Pipeline Dependencies

Pipeline dependencies allow splitting up larger machine learning pipelines into sub-pipelines. This is particularly useful when:

  • The data of an earlier step changes at a lower frequency than the data for subsequent steps
  • Outputs of an earlier step could be shared between pipelines to avoid re-processing the same data
  • Serving a combined model of two or more pipelines

In this example, we break up the penguin example pipeline into two pipelines:

  • The Penguin Examples Pipeline has a single pipeline step that imports the CSV example and outputs it as an artifact
  • The Penguin Training Pipeline references the previously produces example and trains the model

ensembling.svg

This example might not be of practical use but it demonstrates the approach to managing pipeline dependencies.

The code for this tutorial can be found on GitHub.

1. Build and deploy the Penguin Examples Pipeline

The penguin_examples pipeline loads the CSV data and makes it available as an output artifact. The code for this pipeline can be found under quickstart-base.

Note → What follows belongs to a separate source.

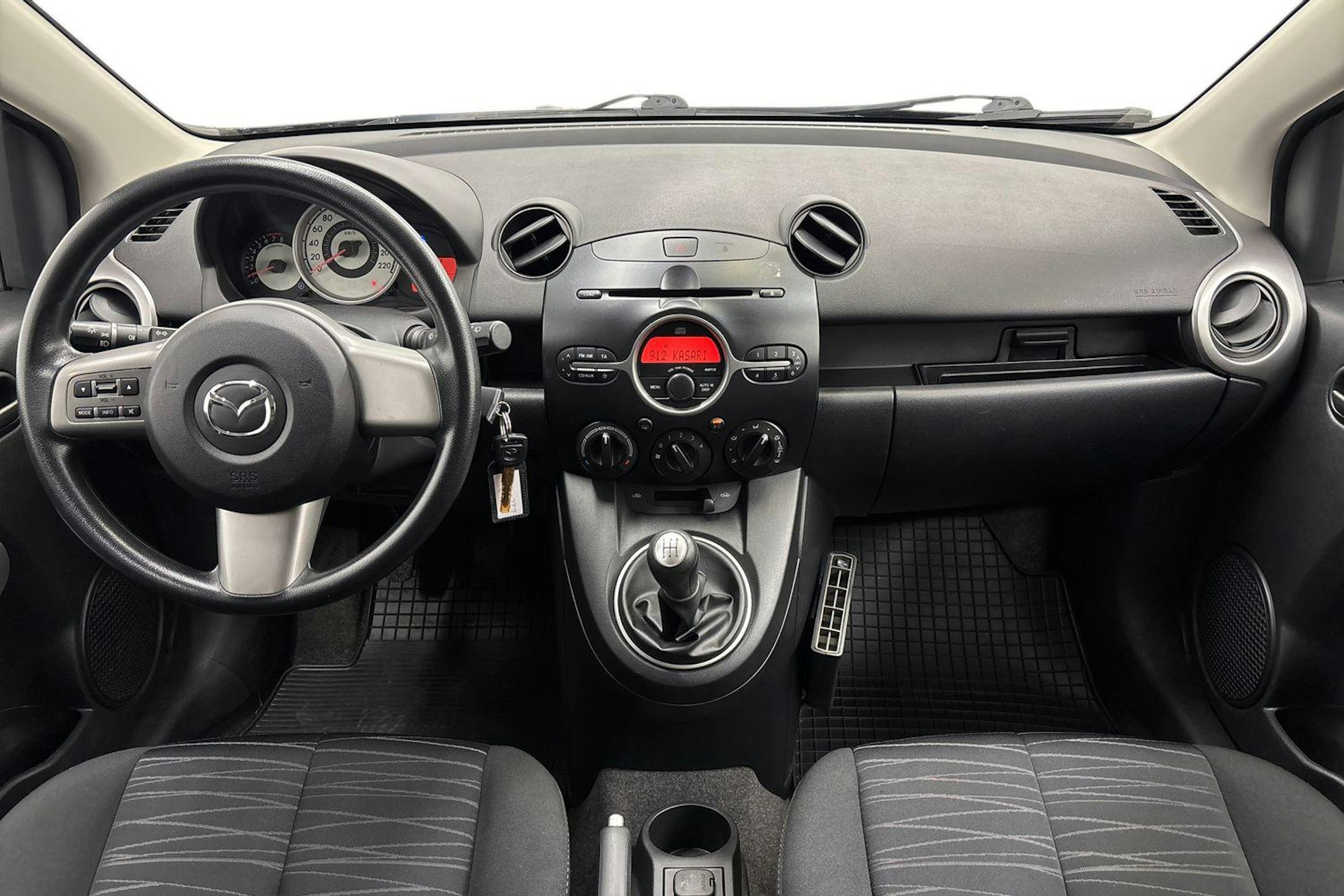 musta Mazda 2 2011 kuva 9.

First, create the pipeline code in penguin_examples/pipeline.py:

import os
from typing import List
from tfx.components import CsvExampleGen, Trainer
from tfx.proto import trainer_pb2
from tfx.dsl.components.base.base_node import BaseNode

def create_components() -> List[BaseNode]:
    """Creates a penguin pipeline with TFX."""
    # Brings data into the pipeline.
    example_gen = CsvExampleGen(input_base='/data')

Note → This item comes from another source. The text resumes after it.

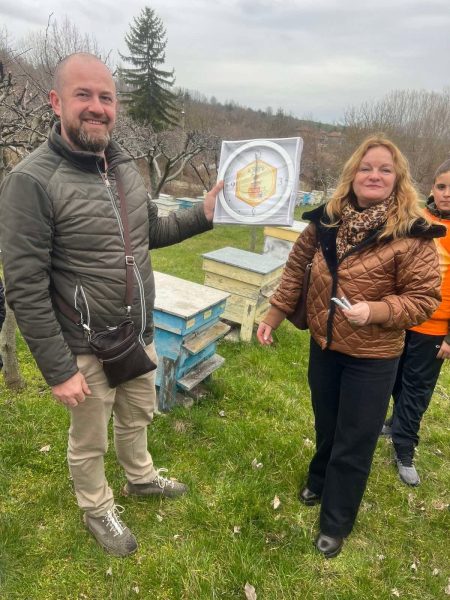 Alexa Bee Farm / Пчелна ферма Алекса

    return [ example_gen ]

Next, create the following Dockerfile, then build and push the pipeline image:

FROM python:3.10.12
ARG WHEEL_VERSION

RUN mkdir /data
RUN wget https://raw.githubusercontent.com/tensorflow/tfx/master/tfx/examples/penguin/data/labelled/penguins_processed.csv -P /data

COPY dist/*-${WHEEL_VERSION}-*.whl /
RUN pip install /*.whl && rm /*.whl
docker build quickstart-base -t kfp-quickstart-base:v1
docker push kfp-quickstart-base:v1

Now create and apply the resources needed to compile and train the penguin examples pipeline:

Create quickstart-base/resources/pipeline.yaml. The specification has not changed from the original example.

apiVersion: pipelines.kubeflow.org/v1beta1
kind: Pipeline
metadata:
  name: penguin-pipeline-examples
  namespace: base-namespace
spec:
  provider: provider-namespace/kfp
  image: kfp-quickstart-base:v1
  framework:
    name: tfx
    parameters:
      pipeline: penguin_examples.pipeline.create_components

Create quickstart-base/resources/runconfiguration.yaml which schedules the pipeline to be trained at regular intervals and specifies the output artifacts that it exposes.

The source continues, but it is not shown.